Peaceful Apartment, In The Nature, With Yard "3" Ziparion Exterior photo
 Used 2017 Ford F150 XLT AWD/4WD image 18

* * *

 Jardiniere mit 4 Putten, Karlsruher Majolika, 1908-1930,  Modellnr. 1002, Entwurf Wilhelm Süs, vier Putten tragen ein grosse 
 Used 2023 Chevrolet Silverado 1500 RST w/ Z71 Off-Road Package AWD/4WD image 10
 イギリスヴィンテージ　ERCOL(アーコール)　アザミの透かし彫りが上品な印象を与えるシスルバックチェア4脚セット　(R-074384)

● **THE TASK**: Of the entries above, transcribe exactly those lines that fall between the line containing "Peaceful Apartment, In" and the line containing "Used 2017 Ford F150 XLT AWD/4WD image 18", together with those two lines.

● **ANSWER BOX**:
Peaceful Apartment, In The Nature, With Yard "3" Ziparion Exterior photo
 Used 2017 Ford F150 XLT AWD/4WD image 18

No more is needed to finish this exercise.